Se ciò non bastasse, l’attenzione all’opportuna fusione di volontà comunicativa e ritmo è confermata, quantomeno per i poeti della Grecia antica, anche dal celebre passo della Poetica, in cui Aristotele parla della μέγεθος:

«Per quanto riguarda poi la grandiosità: da racconti brevi a da uno stile ridicolo – per il fatto che la trasformazione avvenne dal satiresco – più tardi divenne seria e anche il metro da tetrametro [trocaico] divenne giambo. Infatti dapprima adoperavano il tetrametro perché la composizione era satiresca e più ballabile; ma poi, sopravvenendo il parlato, la stessa natura trovò il metro a quello più adatto: il giambo infatti è più discorsivo e una prova di questo sta nel fatto che parlando noi pronunciamo, nella conversazione, più giambi, raramente esametri e interrompendo il ritmo discorsivo» [5].

Aristotele, Poetica, 1449 a, 19 sgg.

Nel passaggio dal dramma satiresco alla tragedia (lo Stagirita usa il termine μεταβαλεῖν, ovvero il termine specializzato nell’indicare un vero e proprio processo di trasformazione), fu quindi necessaria e naturale l’introduzione di un metro, il trimetro giambico, più vicino alle nuove esigenze di un genere teatrale che stava sempre più consolidando i suoi aspetti drammatici (nell’accezione etimologica del δράω) e dialettici.

Se da questi brevi cenni emerge la continua attenzione degli antichi per la metrica e la ricerca del ritmo più adatto e naturale ad ogni genere poetico[6], non possiamo asserire però che una tale attenzione si sia ugualmente conservata nel corso del tempo e in particolare del Novecento, salvo le rare eccezioni di autori come Pascoli e Quasimodo. Basti ad esempio ricordare la posizione in merito della poetica futurista o di autori come Montale, o di professionisti della parola recitata come Carmelo Bene.
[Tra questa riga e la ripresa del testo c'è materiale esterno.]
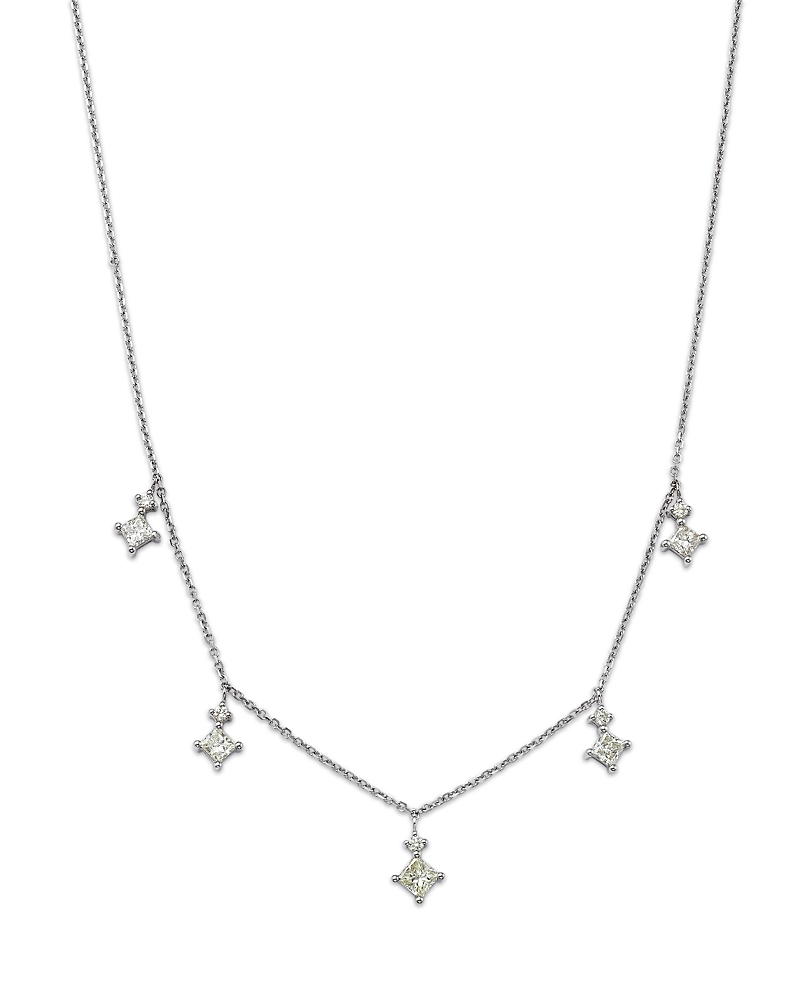 Bloomingdale's Fine Collection Diamond Princess Droplet Station Necklace In 14k White Gold, 1.05 Ct. T. W. In White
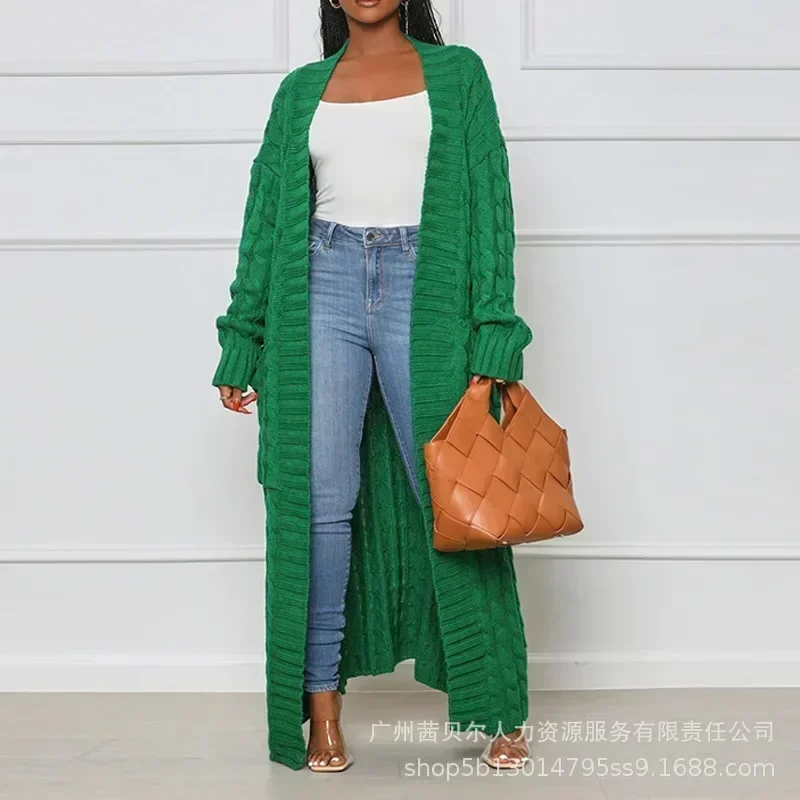 Open Front Zopfmuster Longline Cardigan Damen Langarm Lose Mode Lässig Offene Strickjacke Strickwaren Einfarbig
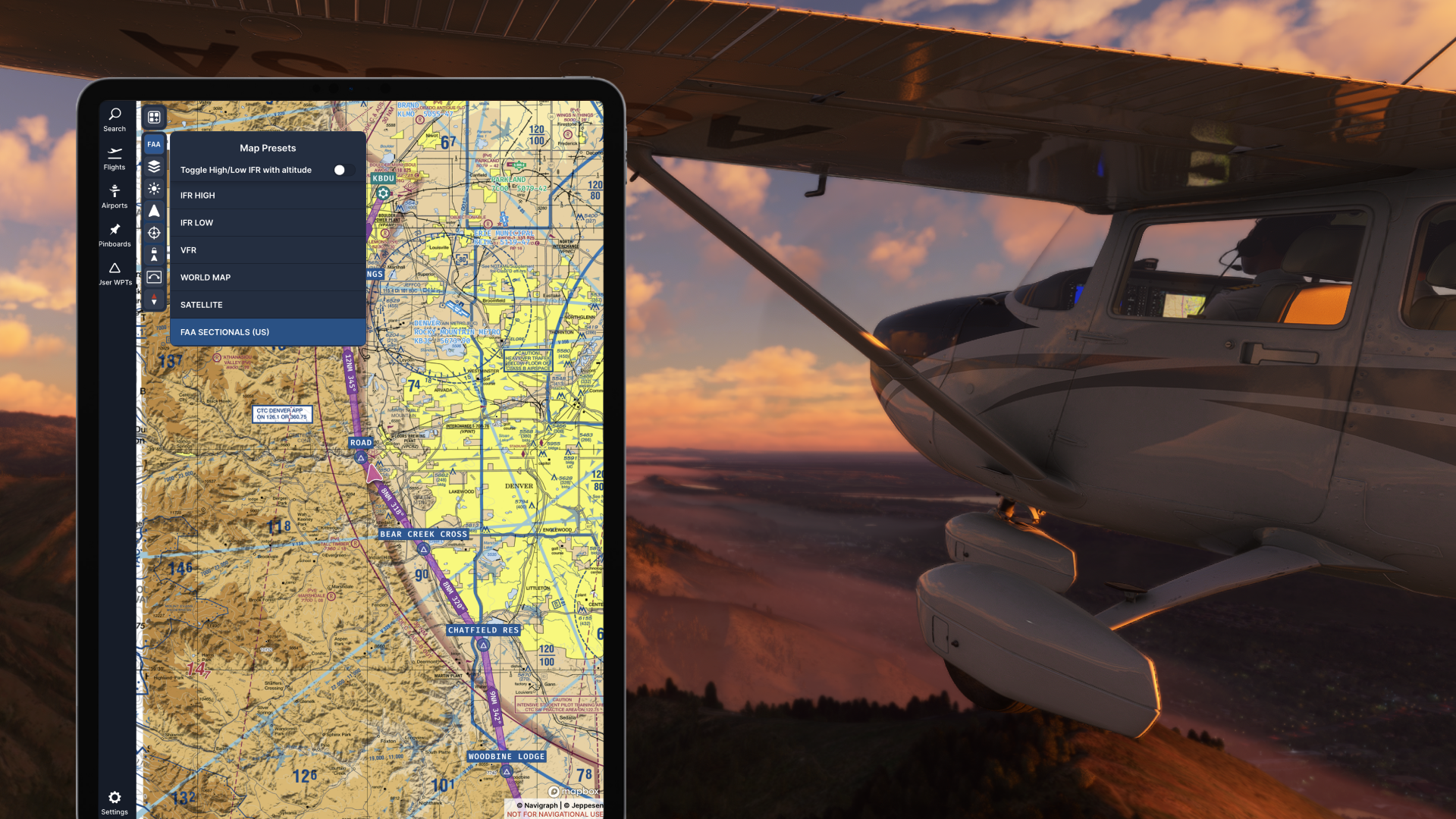 Seccionales de la FAA ahora disponibles en Navigraph Charts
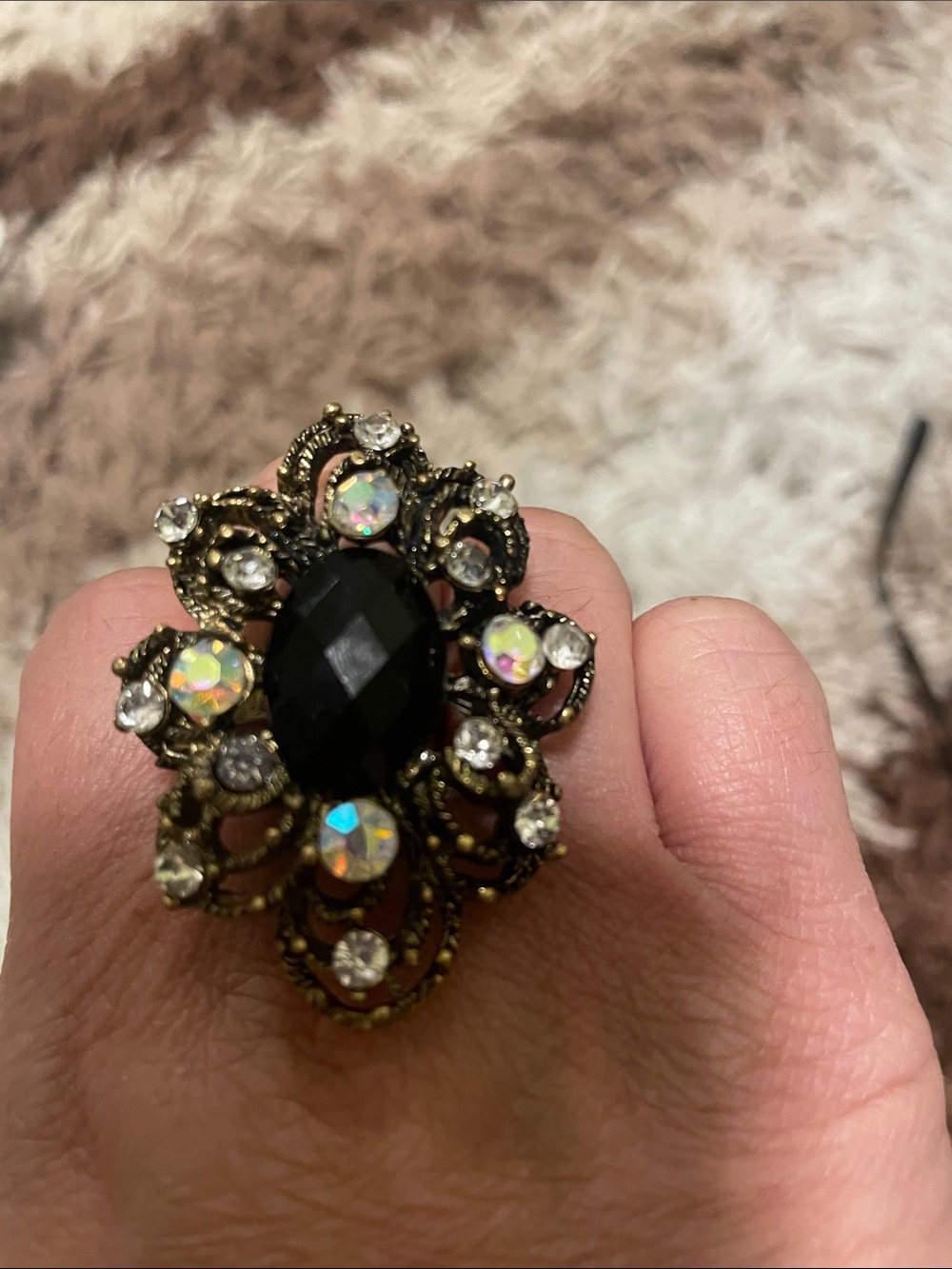 Vintage-Inspired Black Crystal Statement Ring - Unbranded
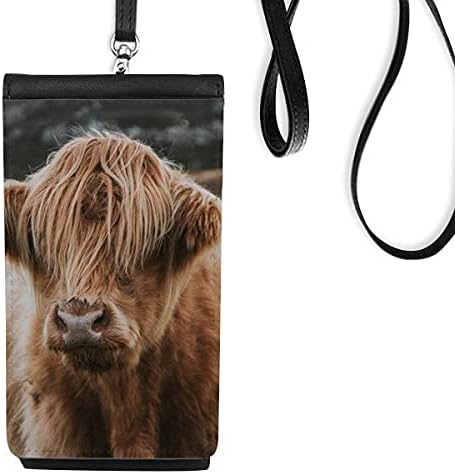 Karasal Organizma Hayvan Buffalo Telefon Cüzdan çanta Asılı Cep Kılıfı Siyah Cep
Ma se si guarda alle tradizioni e alle culture popolari, se ne può rintracciare un’affascinante e coinvolgente sopravvivenza nel cosiddetto Cunto siciliano[7], che stando a studi in corso d’opera sarebbe erede del mondo greco.[8] Né d’altra parte può stupire la sopravvivenza, anche a distanza di un così lungo arco temporale, di ritmi, forme e dinamiche legate ad una tradizione prevalentemente orale, difficile forse da seguire nei suoi singoli sviluppi ma facile da intuire fertile di permanenze e applicazioni.

Secondo le ricerche di studiosi come Giuseppe Pitrè, Vincenzo Linares, Salomone Marino ed altri e secondo le più antiche attestazioni in nostro possesso, l’arte del cunto nasce e si sviluppa in Sicilia nel primo trentennio dell’Ottocento, per arrivare fino ai nostri giorni.

I cuntisti hanno radici nella passione popolare per le storie degli eroici paladini del ciclo carolingio, la stessa che, secondo la leggenda, ha contribuito alla nascita dell’ Opra, ovvero della cosiddetta arte dei pupi. Anzi, proprio dal Cunto l’Opra avrebbe ereditato i suoi soggetti e la tecnica del racconto a puntate che, lasciato in sospeso, induceva il pubblico a tornare.

Così come accadeva già in Grecia per l’epos omerico e per la tragedia, il popolo siciliano ha sempre di fatto individuato nelle gesta dei paladini di Francia un universo d’identità individuale e collettiva piuttosto che di mera evasione, e le leggende cavalleresche hanno svolto una funzione sostanzialmente sociale e lato sensu politica. Perpetuarne la memoria attraverso l’oralità ha perciò soprattutto sollecitato la riflessione sulla propria storia e sui propri valori. Non pare dubbio che il ciclo carolingio, vivo particolarmente in Sicilia attraverso l’arte del Cunto e poi del teatro dei pupi, costituisse un sapere condiviso: i paladini incarnavano speranze, lotte, vittorie e sconfitte dell’esistenza del popolo tutto e assai presto ne divennero il simbolo, universalmente riconosciuto.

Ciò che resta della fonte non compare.